> PROBLEM
Produce as output only the lines below starting at the line with "a bathroom with" and continuing through the line with "Macro shot of", each one exactly as written.

> GIVEN RECORDS
* * * *

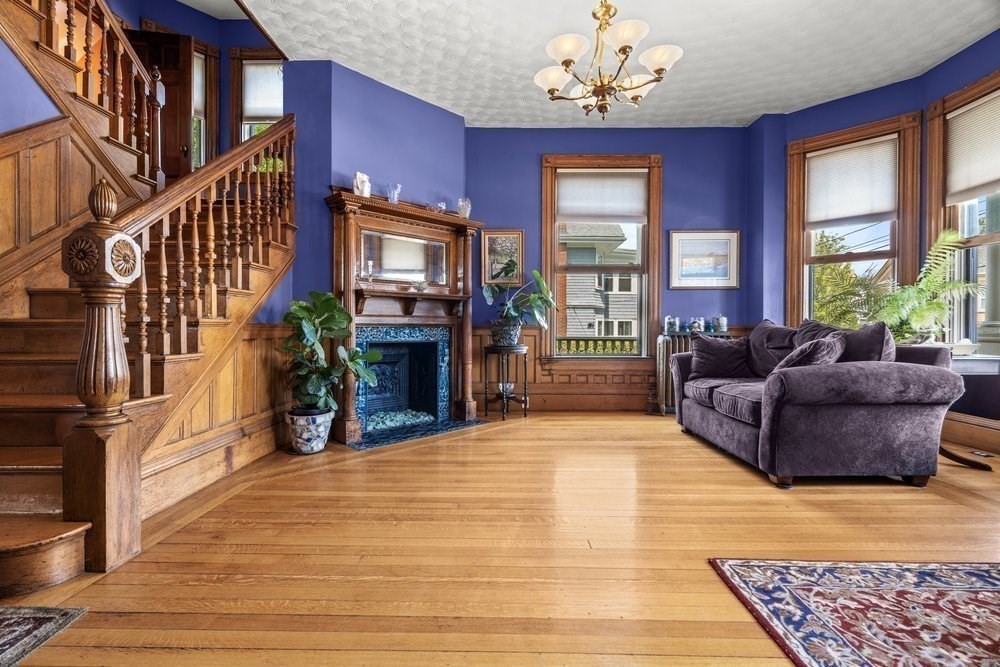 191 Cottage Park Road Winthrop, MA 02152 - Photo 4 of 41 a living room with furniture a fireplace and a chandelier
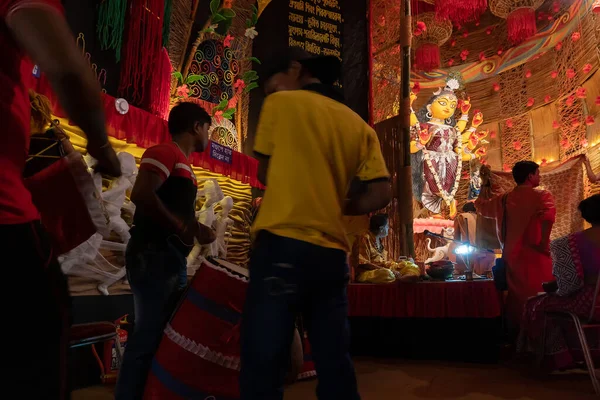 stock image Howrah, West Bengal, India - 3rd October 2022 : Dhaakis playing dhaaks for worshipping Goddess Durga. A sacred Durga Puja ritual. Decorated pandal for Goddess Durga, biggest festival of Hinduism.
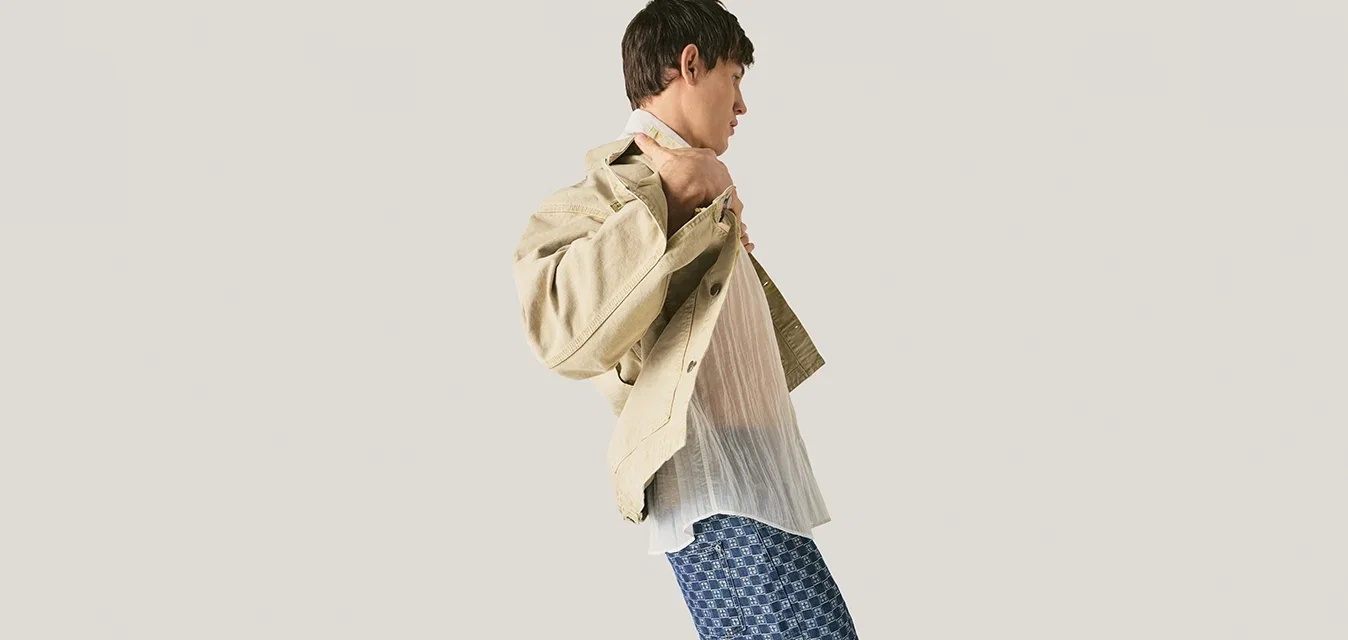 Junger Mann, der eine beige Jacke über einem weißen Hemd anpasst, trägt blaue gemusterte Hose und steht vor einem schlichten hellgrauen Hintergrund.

* * * *

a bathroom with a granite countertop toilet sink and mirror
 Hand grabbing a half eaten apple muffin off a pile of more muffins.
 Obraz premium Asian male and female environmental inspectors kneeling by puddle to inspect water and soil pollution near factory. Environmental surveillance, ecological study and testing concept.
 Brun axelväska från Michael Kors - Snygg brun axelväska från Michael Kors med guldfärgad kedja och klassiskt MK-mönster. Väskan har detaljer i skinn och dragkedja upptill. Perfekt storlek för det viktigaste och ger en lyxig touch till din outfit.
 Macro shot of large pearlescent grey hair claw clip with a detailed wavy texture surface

* * * *

> ANSWER BOX
a bathroom with a granite countertop toilet sink and mirror
 Hand grabbing a half eaten apple muffin off a pile of more muffins.
 Obraz premium Asian male and female environmental inspectors kneeling by puddle to inspect water and soil pollution near factory. Environmental surveillance, ecological study and testing concept.
 Brun axelväska från Michael Kors - Snygg brun axelväska från Michael Kors med guldfärgad kedja och klassiskt MK-mönster. Väskan har detaljer i skinn och dragkedja upptill. Perfekt storlek för det viktigaste och ger en lyxig touch till din outfit.
 Macro shot of large pearlescent grey hair claw clip with a detailed wavy texture surface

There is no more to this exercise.